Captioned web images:
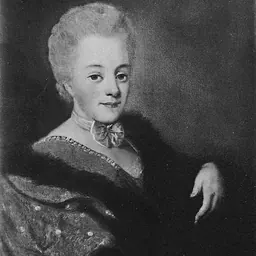 Portrait of Yekaterina Razumovskaya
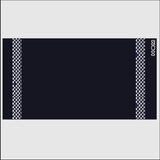 Capitaine Towel | Navy 400493-00ra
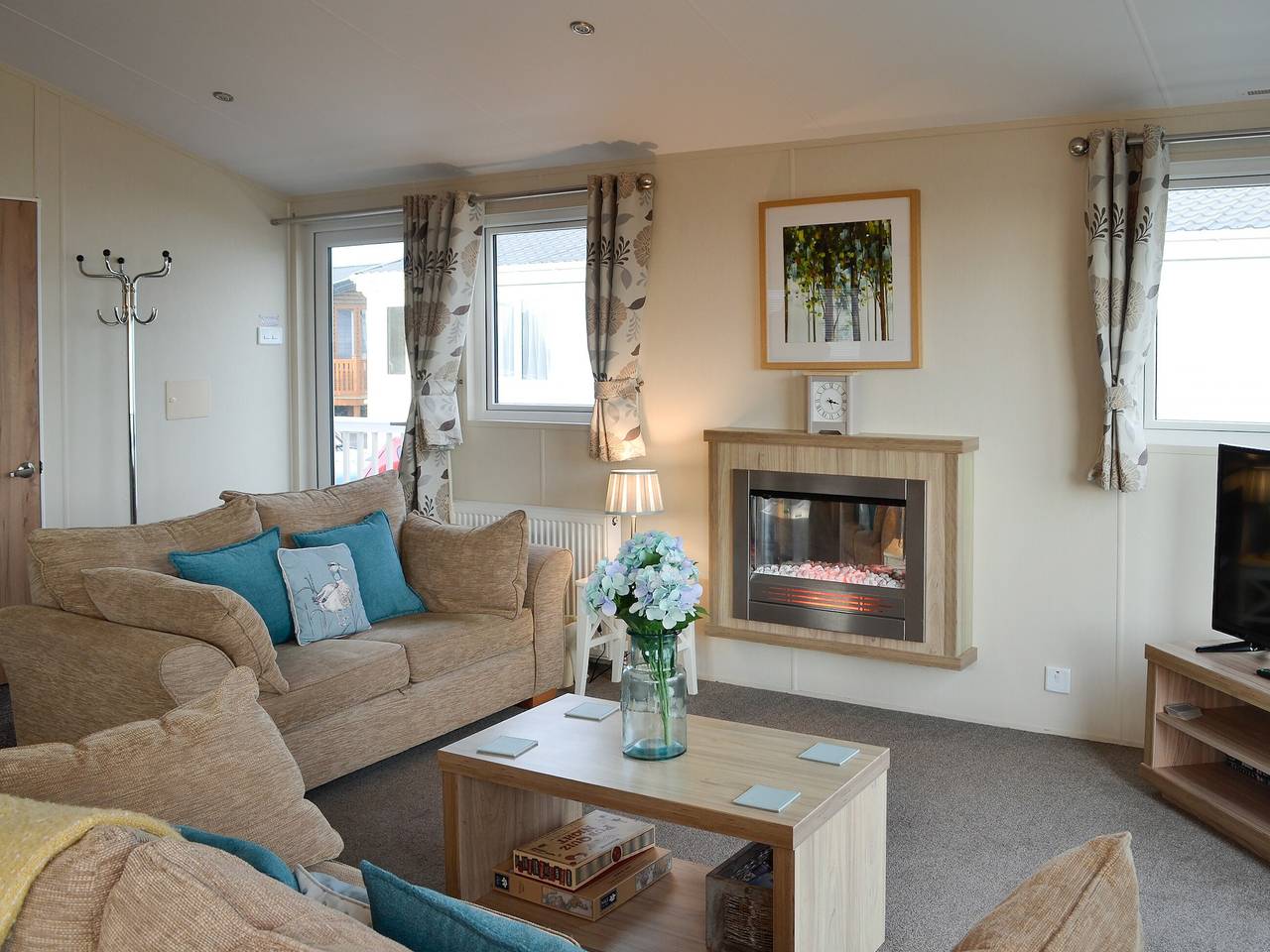 Beachcomber Lodge in Dumfries and Galloway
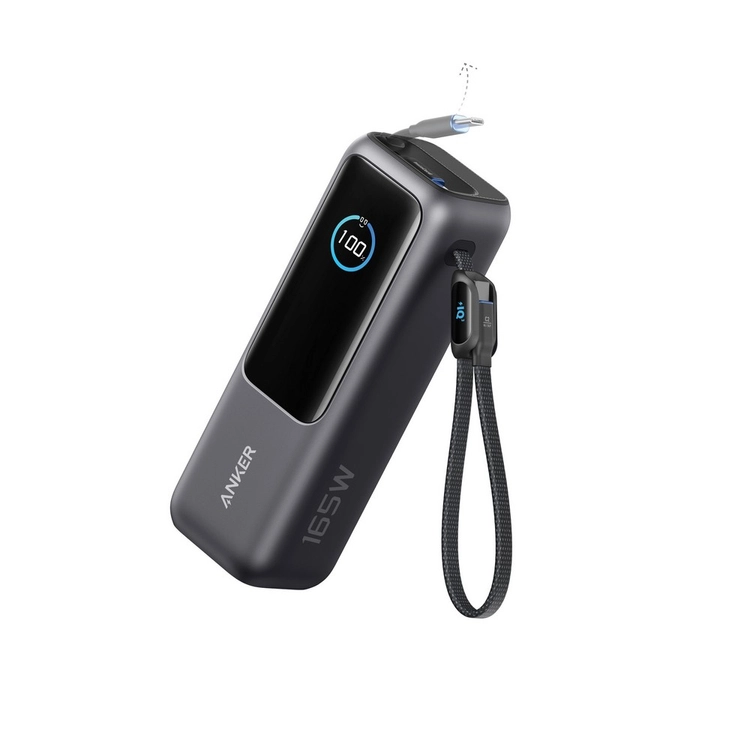 Power bank 25000 mAh, 165W, Anker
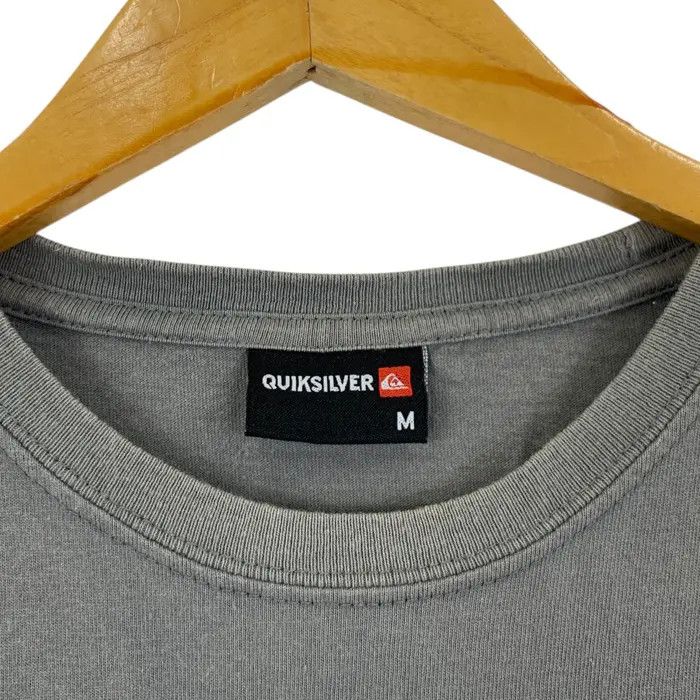 Quiksilver Vintage QUIKSILVER SURF HAWAII Distress Design Tee Shirt Size US M / EU 48-50 / 2 - 7 Thumbnail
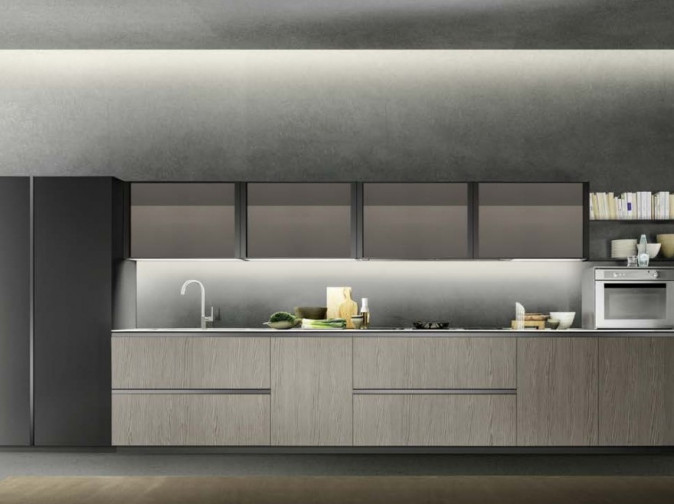 Кухня Linea Grigio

> [WORK REQUEST] Each record above needs to be retyped exactly, without any pictures.

> [WRITTEN SOLUTION]
 Portrait of Yekaterina Razumovskaya
 Capitaine Towel | Navy 400493-00ra
 Beachcomber Lodge in Dumfries and Galloway
 Power bank 25000 mAh, 165W, Anker
 Quiksilver Vintage QUIKSILVER SURF HAWAII Distress Design Tee Shirt Size US M / EU 48-50 / 2 - 7 Thumbnail
 Кухня Linea Grigio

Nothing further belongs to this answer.